Robert Satloff is director of policy and strategic planning at the Washington Institute for Near East Policy. In a commentary published by "The Wall Street Journal Europe," he writes: "President Bush [is pursuing a] realpolitik balance of being simultaneously the most pro-Israel and pro-Saudi president in history. Hence, the effort to try in vain to fit the round Arafat peg into the square 'peace process' hole, all the while supporting Israel's right to self-defense."

But, writes Satloff, "it cannot work." He says, "America's interests and those of the Arafat-jihadist alliance that runs Palestine today are incompatible."
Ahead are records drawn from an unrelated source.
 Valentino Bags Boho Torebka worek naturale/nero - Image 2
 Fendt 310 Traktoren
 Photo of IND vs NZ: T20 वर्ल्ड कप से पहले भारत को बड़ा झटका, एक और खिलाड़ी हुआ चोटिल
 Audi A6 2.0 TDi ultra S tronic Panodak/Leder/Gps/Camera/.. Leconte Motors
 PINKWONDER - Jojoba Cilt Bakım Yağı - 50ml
The commentator continues: "The president's expected declaration on Palestine, therefore, will not mark a bold, new chapter in U.S. policy. On the contrary, it is an example of avoiding a decision, not taking one. If President Bush is serious about Arab-Israeli peacemaking, he must choose between support for the Palestinian people and sufferance of the current Palestinian leadership. A speech on that theme may break some diplomatic china -- at home and abroad -- but anything less will fail the test of making real progress toward peace."


Writing in "The New York Times," Thomas Friedman comments on what he terms a "war of ideas" being fought out in Iran. "What if a theocracy and a democracy had a baby? What would it look like? It would look like Iran."
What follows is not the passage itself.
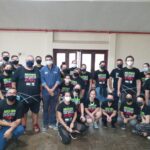 Central de Arrecadação de donativos para ajudar famílias afetadas pelas chuvas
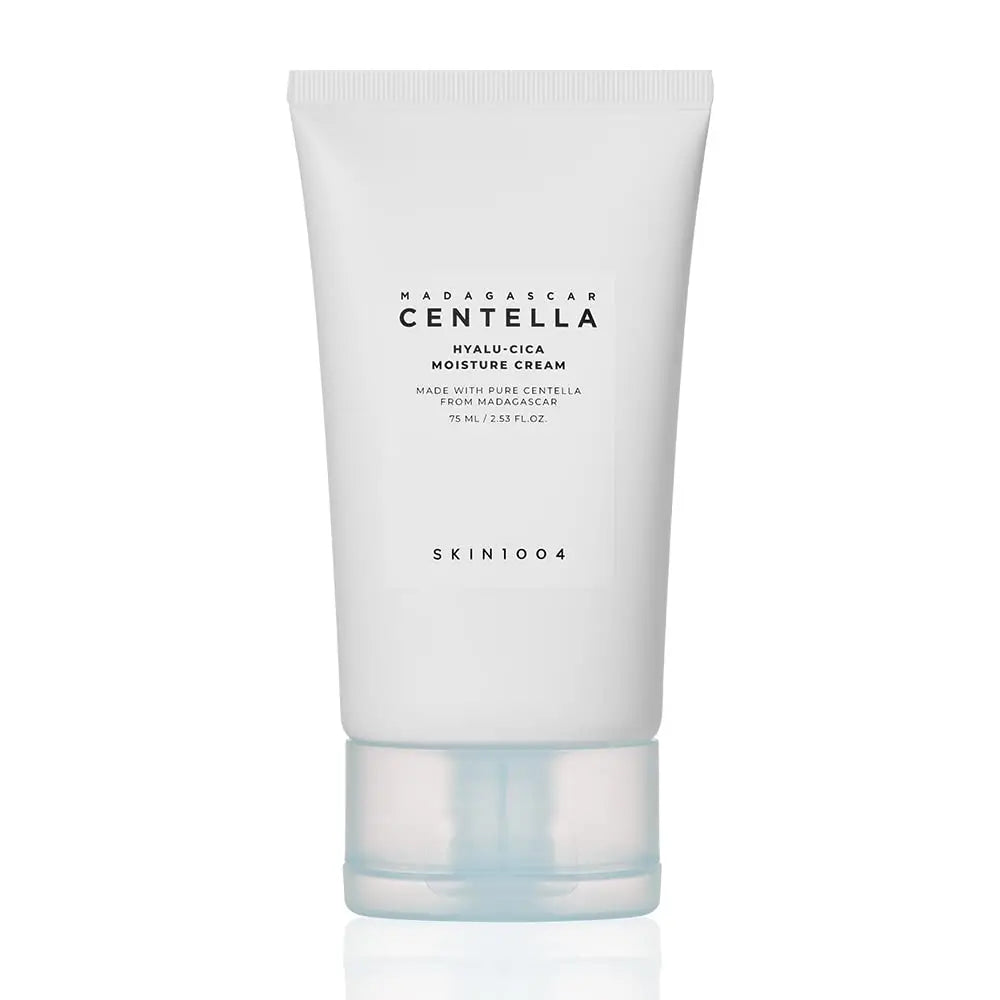 Korean Centella Hyalu Cica Water-Fit Sun Serum SPF50 Sunscream & Facial Hyalu-Cica Moisture Cream Beauty Skincare Sets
"What makes Iran so interesting is that it's not a real democracy, but it's not a real Islamic theocracy either. It is, though, just enough of a democracy for many Iranians to know that they want more of it, and just enough of an Islamic theocracy for many Iranians to know they want less of it."
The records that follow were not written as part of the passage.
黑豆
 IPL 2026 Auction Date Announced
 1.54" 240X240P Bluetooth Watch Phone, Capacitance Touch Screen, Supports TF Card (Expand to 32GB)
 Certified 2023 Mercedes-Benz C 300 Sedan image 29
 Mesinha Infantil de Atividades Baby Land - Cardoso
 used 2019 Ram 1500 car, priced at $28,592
The writer continues: "It's ironic that the war of ideas that the West hoped would be fought in the Arab Muslim world after 11 September -- a war against the Islamic fascism of Osama bin Laden that would be waged by Arabs offering a democratic, Islamic, progressive alternative -- has not happened, because there is not enough democracy in most places there for that war to even begin. But it is being fought in Iran -- not in response to 11 September but in response to Iran's own bad experiences with secular despotism and religious despotism."


An editorial in "The Boston Globe" addresses last weekend's parliamentary elections in France. The "Globe" says: "On Sunday, in an unmistakable display of exasperation, French voters went to the polls to throw out a Socialist government they blamed for failing to stop muggers, purse snatchers, and car thieves."

The editorial continues: "The message sent to the political class by French voters seems to be that the public wants a tougher, more effective approach to street crime than the Socialists were able to muster but not the 'French first' scapegoating of immigrants that nationalist Jean-Marie Le Pen was selling."


The "Los Angeles Times" objects in an editorial to what its headline calls U.S. President George W. Bush's "go it alone" approach to international affairs and national security. "As terrorist threats mount, the United States has responded through its defense policies. President Bush's proposal to strengthen the Homeland Security Office is a sizable shift that makes good sense. U.S. international defense policy since World War II is a touchier issue, however. It has depended on collaboration with NATO, the United Nations, and other treaty organizations. That bedrock should remain."

The editorial continues: "Bush has made tentative steps toward a more preemptive policy for months, saying the U.S. must respond to threats before they are carried out. In urgent, specific cases such as attacking terrorist training camps, that's fair enough. But his call in a speech Friday (14 June) for a new doctrine of preemptive attacks against potential threats -- maybe Iraq today, yet conceivably any troublesome nation -- goes too far in making the U.S. a power answerable only to itself."